The COP puts out a signal called READY that goes into either CA1 or CA2 (I forget which) of the keyboard VIA. READY is high most of the time, but goes low briefly every one in a while to signify that the COP is ready to receive a command from the VIA. If the 68K wants to send the COP a command, it's expected to wait for READY to go low, and then shove the command out onto the COP data bus as soon as READY drops.

That all makes sense, but this is where it gets weird. You'd think that it would be safe to remove the command from the COP's bus as soon as it pulls READY high again, but no, apparently you have to leave it there for a little while longer (2 or 3 extra READY-lengths) after READY is deasserted. Otherwise, the COP doesn't see your command and won't respond with any data. At the standard 20MHz dot clock, the 68K was leaving the command on there for long enough for the COP to see it, but at the higher dot clocks, it was removing the command too fast and the COP would never respond with the clock data, hence the beeps and clock errors! Same goes for the power-off command; the COP never received it and the system never turned off.

Luckily, the solution is simple. The VIA register that determines whether the VIA is outputting over the COP bus is DDRA (Data Direction Register A), and the entire issue here is simply that DDRA is being turned back from an output to an input too quickly. So I just wrote some simple logic that extends the falling edge of DDRA a bit; now DDRA stays in output mode for a little while longer even after the 68K commands it to go back to input mode. I know it sounds weird to say "falling edge" since DDRA is a full register with 8 bits in it, but I'm treating all of DDRA as a single bit since all of the data bits on PORTA will always be going in the same direction.

You might wonder why we don't get errors in the boot ROM, given that it also reads the clock and is capable of powering the system off, neither of which caused any problems. Well, the boot ROM uses a slightly different COP communications routine that already keeps the bus set to output mode for a little longer anyway, so even with the faster clock, it's still within tolerance.

Now that I've fixed that COP issue, the 20, 40, and 60MHz DOTCKs all seem to work perfectly. Unfortunately, 10MHz doesn't quite work right, and probably never will. And it's for the opposite reason from the above. Instead of us switching the COP bus from an output to an input too early like before, now the CPU is so slow to react to READY going low that it misses the READY pulse entirely and doesn't set the COP bus to an output until after the pulse is already over. There's not really a way that I can hack around that problem, short of overclocking the COP, but then that introduces more problems related to compatibility at other clock speeds. Not to mention the fact that the real time clock wouldn't be accurate anymore!
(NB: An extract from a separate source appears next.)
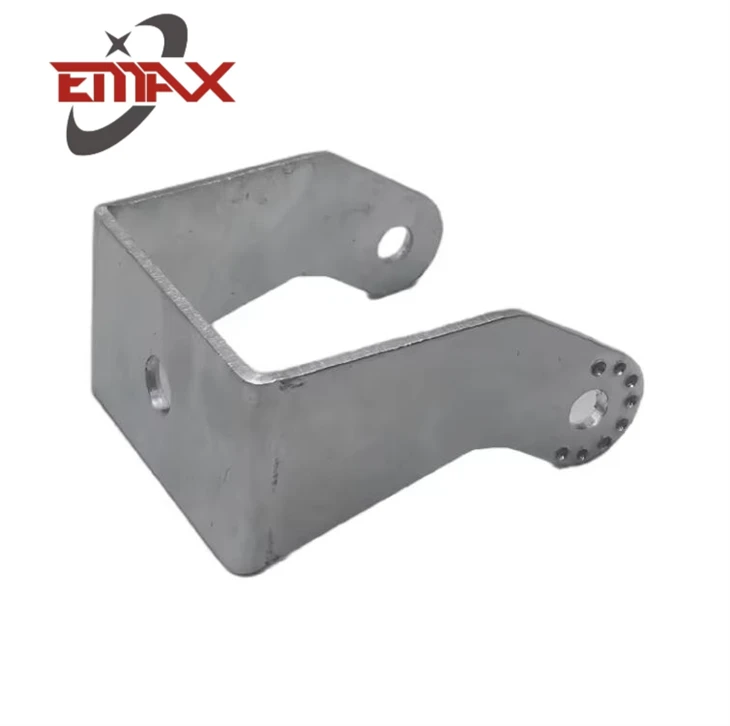 Furniture Hardware Factory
So with that in mind, I think I'm going to get rid of the 10MHz DOTCK (not sure why people would really want a 2.5MHz Lisa anyway) and try to replace it with an 80MHz DOTCK. No promises or anything, but I got it going at 60, so perhaps I can get 80 going too! Who knows, maybe even 100MHz is possible...

Quote from: stepleton on January 28, 2026, 06:14:50 PMHa, neat! AI can certainly automate a lot of tasks... As I was writing Lisavox, I felt that the choice to hand-code everything was basically an indulgence on my part; I could have asked an AI to take care of most of the Python in particular and it would surely have done fine.

Yep, I have a personal rule for the LisaFPGA project that I don't use any AI-generated code anywhere in it, although I absolutely do use AI for help when I get stuck debugging. It makes it a whole lot easier to understand weird little quirks of FPGA design that you wouldn't otherwise know unless you read thousands of pages of Xilinx documentation!

Given that it seems to be working pretty well right now, I'll probably just leave the code alone for the sake of not wanting to break it, but that's a really good idea about feeding a big program through to confirm that it's fully-functional. I'll give that a try if/when I get the chance!

Quote from: stepleton on January 28, 2026, 06:14:50 PMI wonder what the COP issue was. Do you think you'll be able to break the 60 MHz barrier?

Give me a second and I'll explain that back over in the LisaFPGA thread!